The majority justifies its approach under the presumption that the Legislature intends to act within constitutional constraints. See Order, at 5–6. However, I am not convinced that Section 2778a, read according to its straightforward terms, is unconstitutional, nor do I regard it as the Court's role to recast statutes which it may view with suspicion. Cf. Housing Auth. of Chester Cnty. v. CSC, 556 Pa. 621, 644, 730 A.2d 935, 948 (1999) (“While we strive to interpret statutes in a manner which avoids constitutional questions, we will not ignore the plain meaning of the statute to do so.”).
As an unavoidable consequence of the Court's recent decision in Holt v. 2011 Legislative Reapportionment Commission, much uncertainty attends this year's election processes. While it may seem clear enough, at this juncture, that the April 24 primary elections will go forward within existing voting district boundaries—and, thus, that it may be prudent for the Speaker to issue writs so vacancies may be promptly addressed—the statutory scheme vests discretion with the Speaker to determine the appropriate timing of special elections in redistricting cycles. Significantly, it is this fundamental, discretionary character of the salient decision which should control the outcome of the present petition, since the requested remedy (mandamus) is appropriate to compel ministerial actions but not to direct the terms of discretionary ones. See, e.g., Safe Harbor Water Power Corp. v. Fajt, 583 Pa. 234, 260, 876 A.2d 954, 970 (2005) (explaining that “mandamus relief will lie only to compel performance of a required act, but does not lie to compel a discretionary act”).
Given the present legal landscape, particularly the absence of a properly asserted constitutional challenge to Section 2778a, I conclude that mandamus should not lie to preclude the Speaker from proceeding in accordance with the express terms of such statute.
Justices EAKIN and ORIE MELVIN join this Dissenting Statement.
Justice EAKIN, dissenting.
I join the dissenting statement of Justice Saylor.
The majority suggests § 2778a must yield to the Constitution, and indeed all statutes must. However, there has been no constitutional challenge to this statute. This is a mandamus request, suggesting the Constitution impliedly requires immediate action by the Speaker.
The act of setting elections is not discretionary—I agree with the majority on this point—but that does not equate to holding there is no discretion in when the act must be accomplished. The Constitution is silent on the matter of when the act must be accomplished—in the absence of a requirement of immediate action, it requires action within a reasonable time. What is reasonable of course depends on the specific situation, and here, the situation is not one the framers were likely to have considered.
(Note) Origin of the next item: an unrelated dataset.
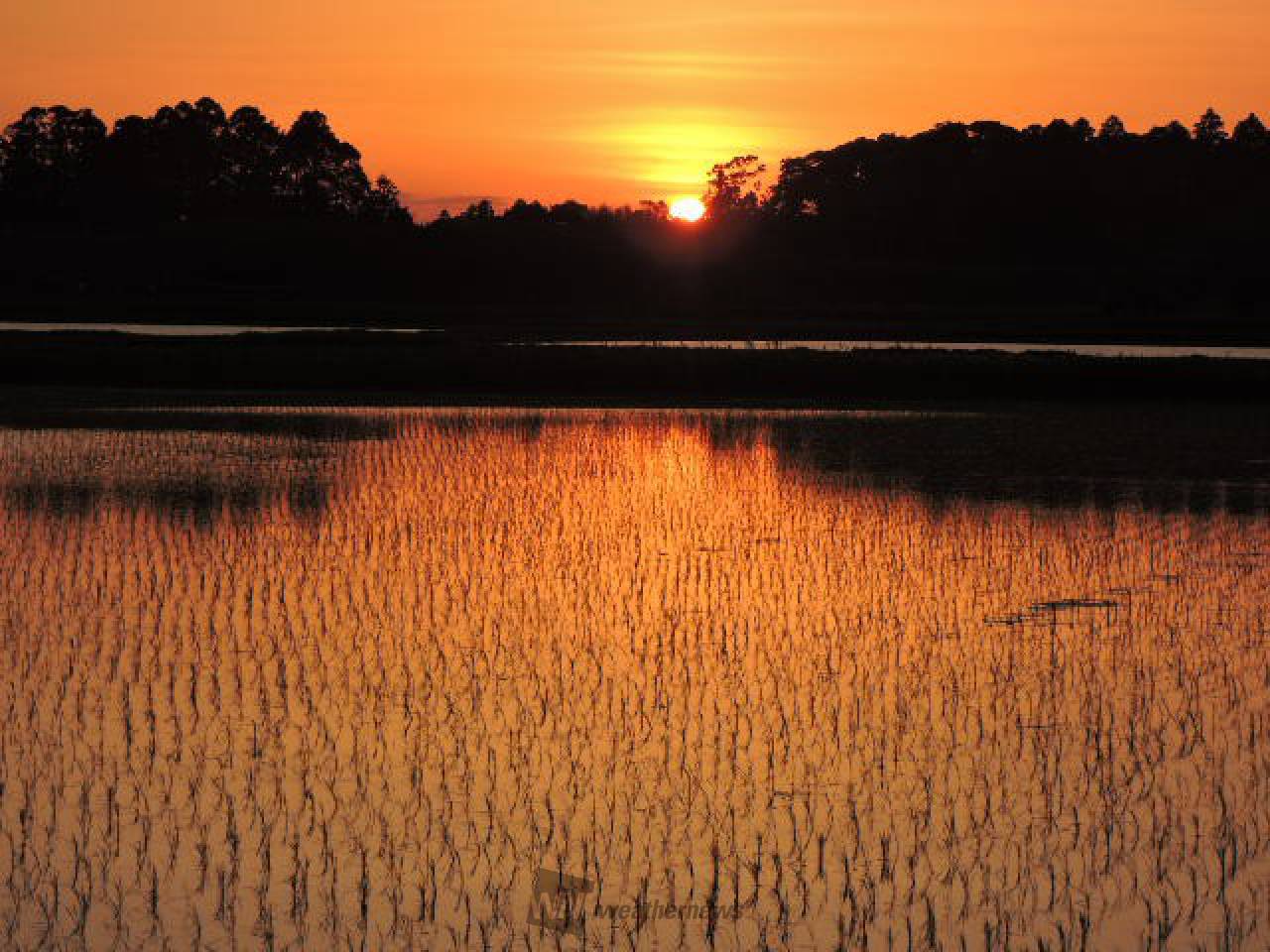 夕暮れ 夕暮れ」の383万点のロイヤリティフリー画像、写真素材、絵 | Shutterstock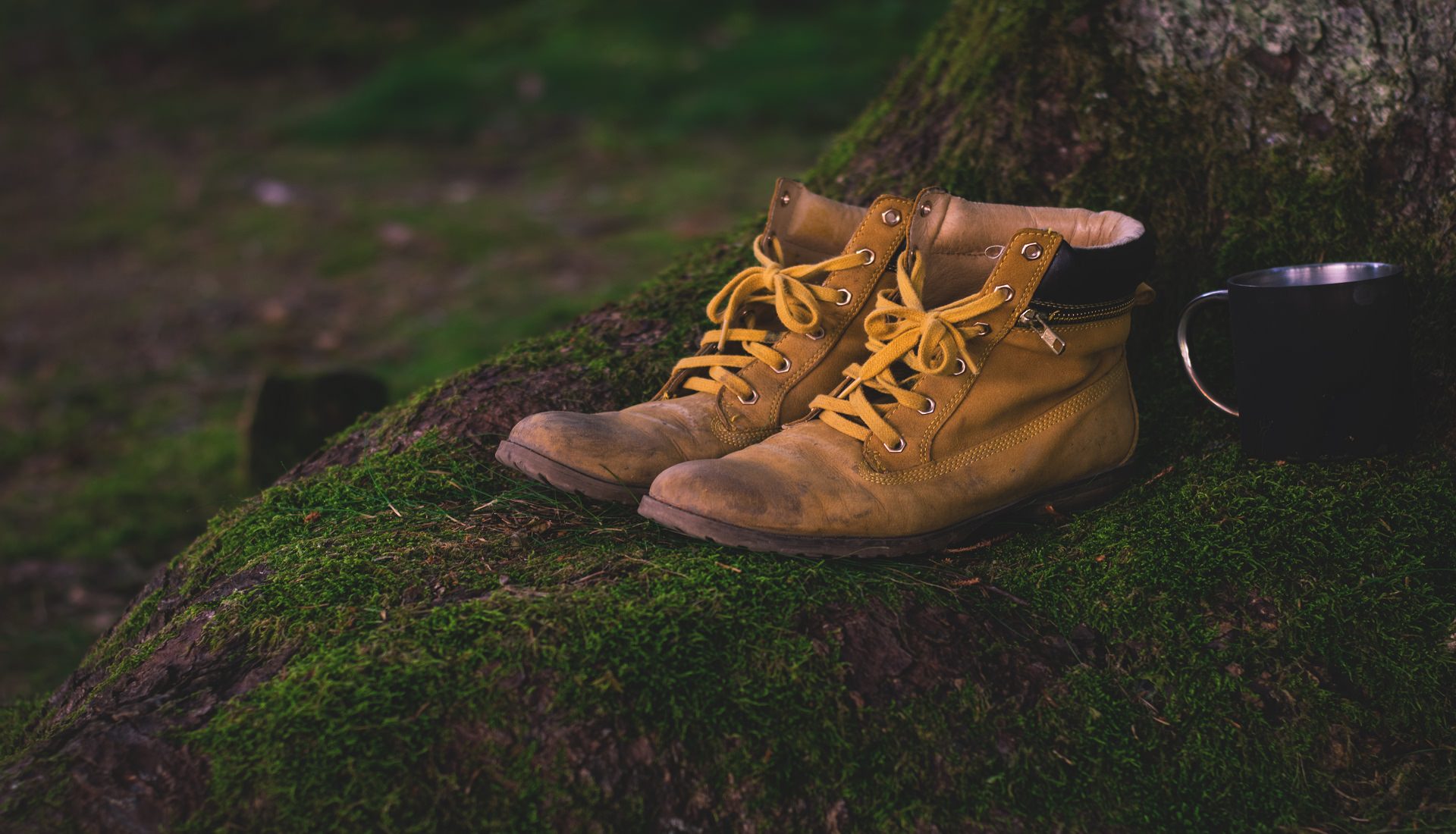 Wanderschuhe auf dem Kellerwaldsteig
The statute recognizes that when districts are realigned, timetables are necessarily changed; when an anticipated realignment is successfully challenged in court, the timetable is even further askew. I find the statute to be a reasonable, and not unconstitutional, effort to address an unfortunate situation.
As Justice Saylor notes, we are not presented with a properly framed constitutional challenge to a statute. We are asked for mandamus relief. As the statute vests discretion in the Speaker under the present circumstances, mandamus is inappropriate. Hence, I dissent.